Another force surely acting on the obliviators is the deep-seated fear among Germans of doing anything that could even remotely be taken to stir up international fears of German recidivism. Thus it is that it’s far, far rarer to hear any comment whatsoever about Jews from a German than from a Frenchman or an American. And thus it is that the Holocaust Memorial is going up even though many Berliners will, if you get to know them well enough, carefully confess that they think it’s too big and too expensive.
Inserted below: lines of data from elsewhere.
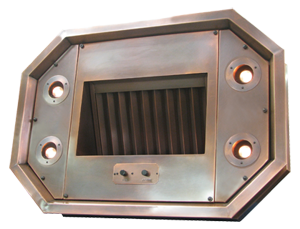 custom range hood liner/insert with a copper premiere baffle filter and 4 halogen lights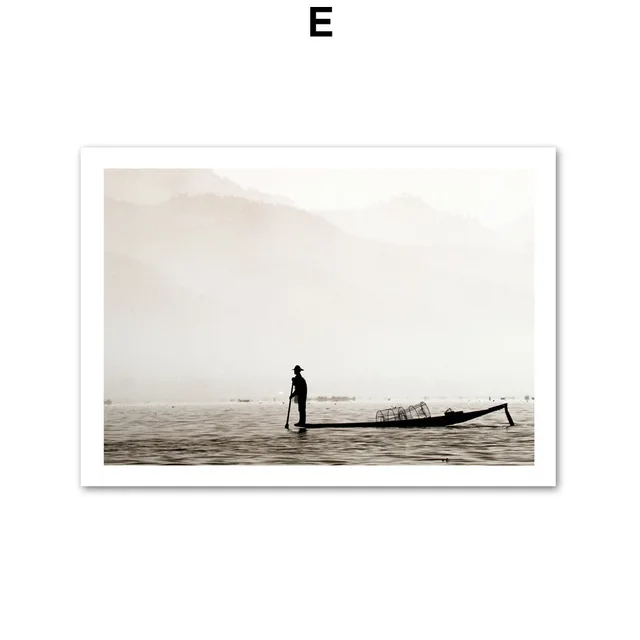 Unframed Sea Beach Landscape Canvas Painting Nature Ocean Scenery Nordic Poster For Modern Home Living Room Decor Wall Artwork | Дом и сад
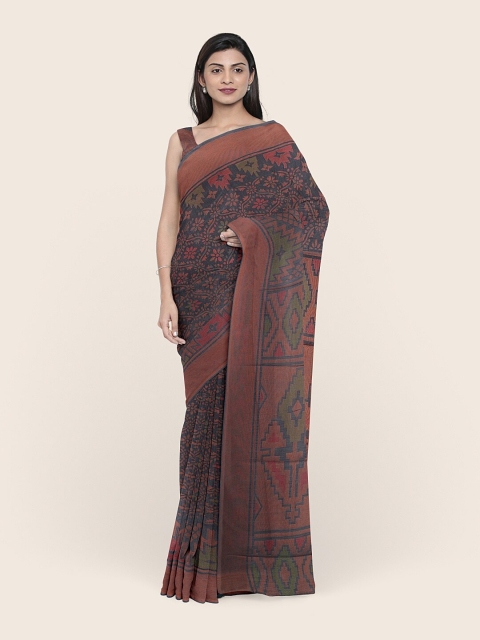 

Pothys Grey & Brown Ethnic Motifs Saree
If anybody thinks Germans haven’t tried hard to face up to their past, let them come to Berlin. Even without the Holocaust Memorial, Berlin includes some bracing reminders of the Reich’s victims—such as the Grunewald train station commemorating the wartime deportation from there of many of the city’s Jews, the former Reich execution chamber at Plötzensee, and the wall in Steglitz listing the names and addresses of deported Jews. And also some inspiring reminders of its resistors—such as the exhibit in the Bendlerblock building where the leaders of the July 1944 bomb plot against Hitler were cornered and shot, and the monument on Rosenstrasse where in 1943, through an open street protest, non-Jewish women won the release of their Jewish and partially Jewish husbands from SS custody. However, there is much less in Berlin pointing unequivocally to the perpetrators. Despite important exceptions like the aforementioned Wannsee conference house (which is, in any case, far from the city center) and Gestapo headquarters, it still must be said that overall, Berlin’s World War II memorial landscape tends to suggest a tragedy that befell a resisting nation. Doing something with Hitler’s bunker, a place of pure perpetration, indeed the location people often conjure to help them wrap their minds around the concept of evil, could correct that.

But doing what? How do you publicly embody wickedness without appearing to salute it? This is a severe test of the concept of public memorialization that, for instance, the United States has never passed—or even taken. Where for instance, are the American monuments forcing us to contemplate the evils of slave-holding or the Indian wars? But the Germans are ahead of us here because unlike us, they don’t focus primarily on from-scratch monuments—they have been quite creative at making historical places into causes of reflection. The Wannsee conference house, the Gestapo HQ basement, and the Grunewald train station (which has the specifics of each death-camp shipment from Berlin imprinted in temporal order around the actual deportation platform) are successful examples. But perhaps the most important paradigm in Germany and in the world is the headquarters on Normannenstrasse of the former GDR state security service, the Stasi. When the Wall came down, many called for the hated building to be demolished. But instead, it was preserved and opened to the public. (And its intelligence files were made available to those who figure in them.) A tour of the Stasi building strikes a far more powerful blow for freedom than anything else that could have been done there. Why miss the opportunity to do at least as much with a far more evil place? Or minimally, why not put a detailed marker on the exact spot? (In 1999 someone put up a homemade sign, but it disappeared after a couple of days.) Some memory devices, like stamps or statues, do seem inherently adulatory, but the Stasi building leads the way in showing that not all are. In the attempt to wring truth from concrete, “Worship or Destroy” is a false choice.